Die Sony RX 100 IV im Test
Wenn man sich für bestimmte fotografische Aufgaben erst einmal an ein bestimmtes Setup gewöhnt hat und damit vor allem auch zufrieden ist, haben es Alternativen schwer. Die hier getestete Sony RX 100 IV war aufgrund ihrer technischen Daten jedoch interessant genug, um zumindest für einige Zeit das vertraute Equipment beiseite zu legen und zu prüfen, ob mit dieser kleinen Kompakten bessere Bilder möglich sind.

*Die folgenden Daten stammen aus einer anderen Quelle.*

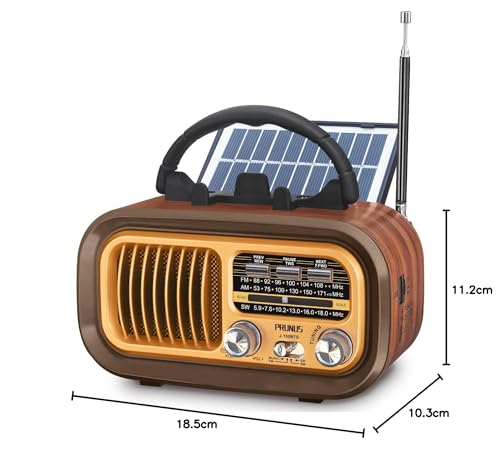 PRUNUS J-150 Vintage Retro FM/Am/SW Radio, Rechargeable Small Portable Radio 1200mAh, or Works with 2 D Batteries, with Solar Panel, Transistors Radios with Bluetooth, USB/TF Player of 5W.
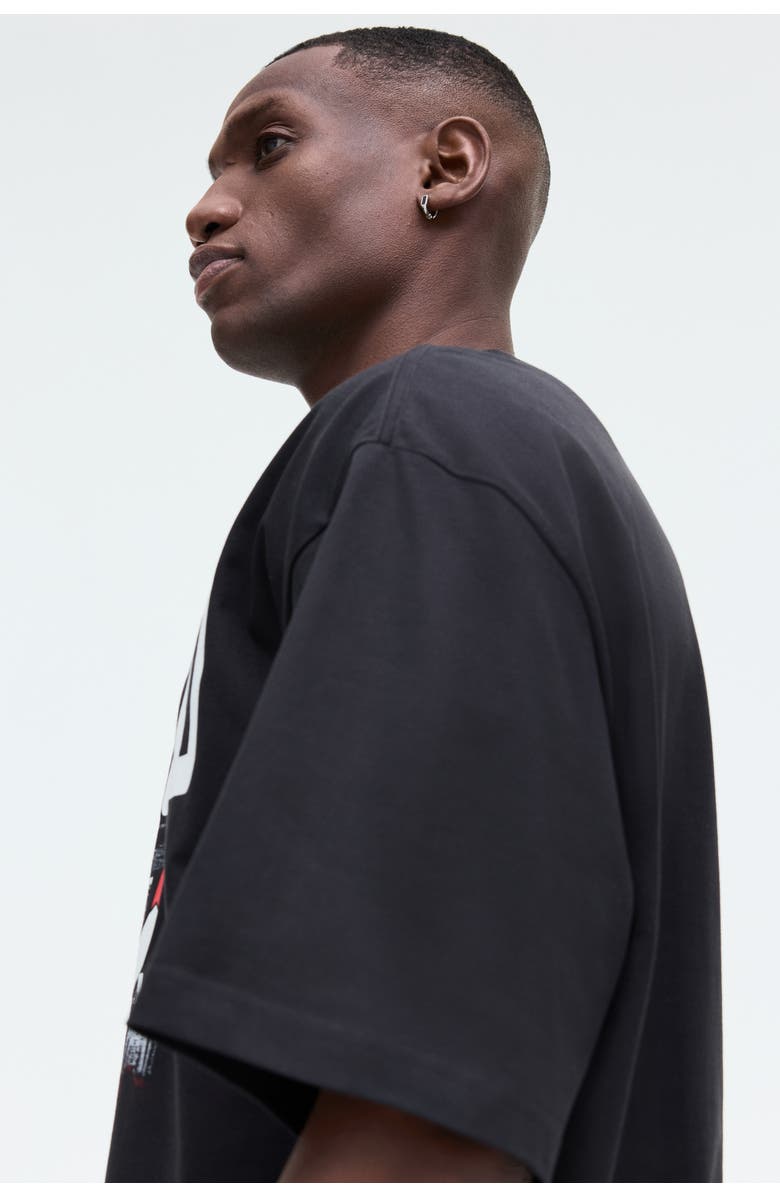 H&M Oversized Fit Printed T-shirt, Alternate, color, Black/Nba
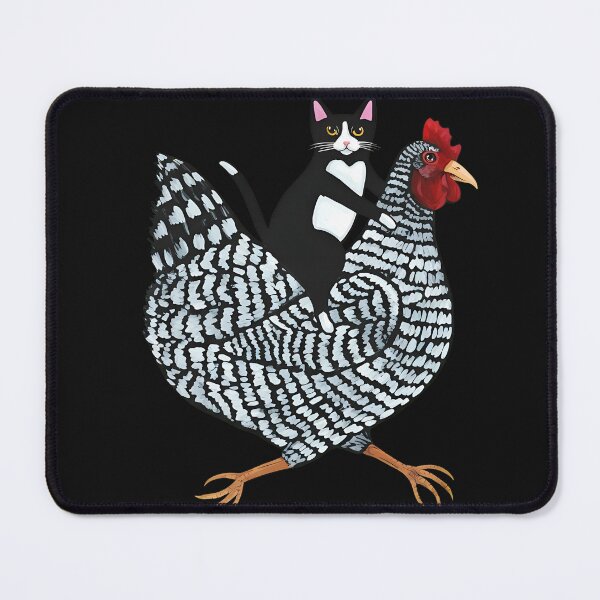 Item preview, Feline Rider on Barred Fowl Illustration designed and sold by Prof4Artist.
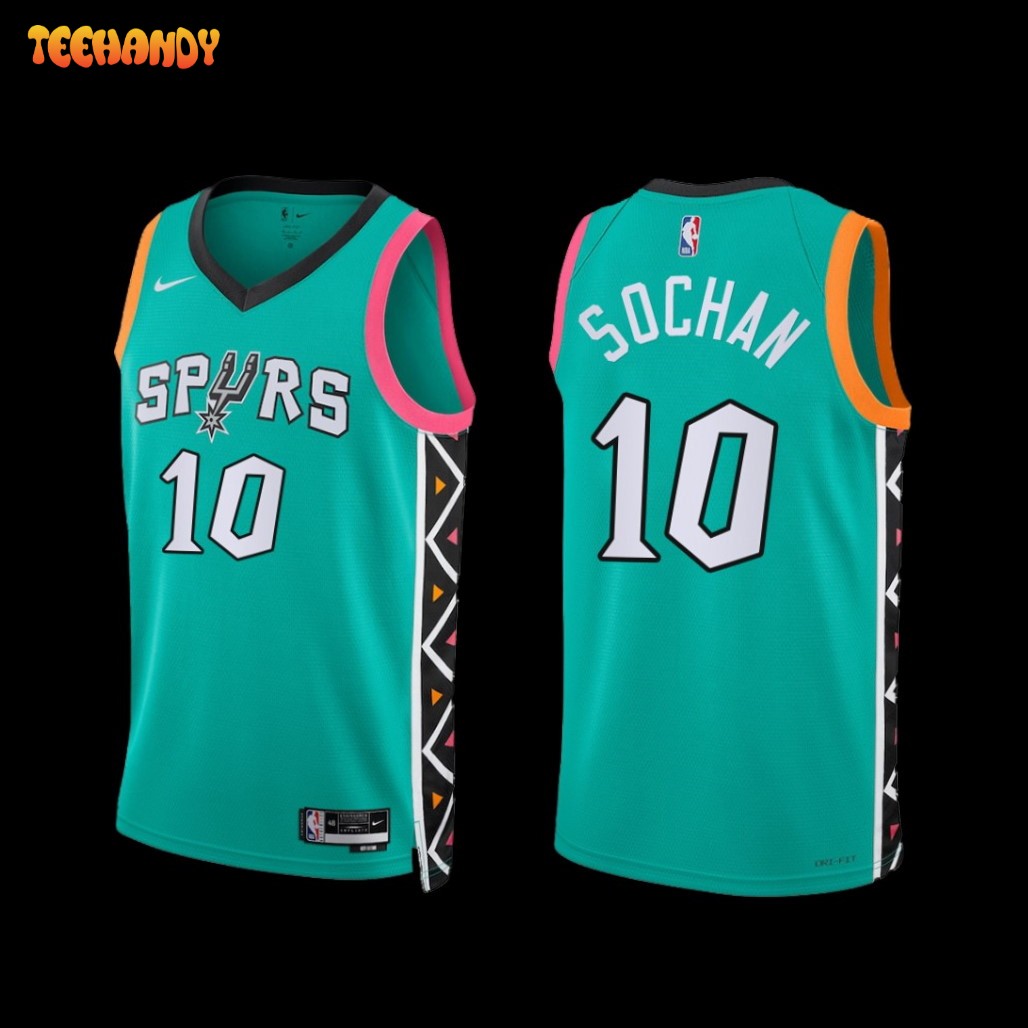 San Antonio Spurs Jeremy Sochan 2022-23 Teal City Edition Jersey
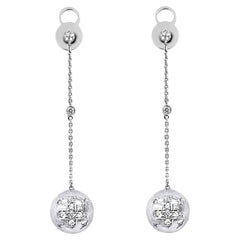 18 Karat White Gold Etruscan Style Drop Earrings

In den letzten Jahren habe ich mich an allen möglichen Kameras abgearbeitet. Ich habe digital fotografiert mit einer DSLR (Nikon D7000 ), mit einer digitalen Festbrennweite (Fuji X100S und T) und ich habe analog fotografiert, sowohl mit analogen Spiegelreflexkameras als auch mit analogem Mittelformat. Parallel dazu hatte ich das iPhone immer dabei und das ist die Kamera, mit der ich im Alltag sicher die meisten Bilder mache.
Doch auch aufgrund von verschobenen Prioritäten hat sich das Spektrum inzwischen auf iPhone und die Fuji 100T reduziert. Die DSLR habe ich selten vermisst und für die analoge Fotografie habe ich irgendwann die Muße nicht mehr mitgebracht. Die Reduktion auf eine Kamera hat ihr Gutes. Es gibt wenig zu schleppen, mit der 50mm-Aufsatzlinse habe ich an der Fuji nun doch zwei Brennweiten, was gerade für Portraits sehr praktisch ist. Da ich so oder so am liebsten mit Festbrennweiten arbeite, passt das gut zu mir.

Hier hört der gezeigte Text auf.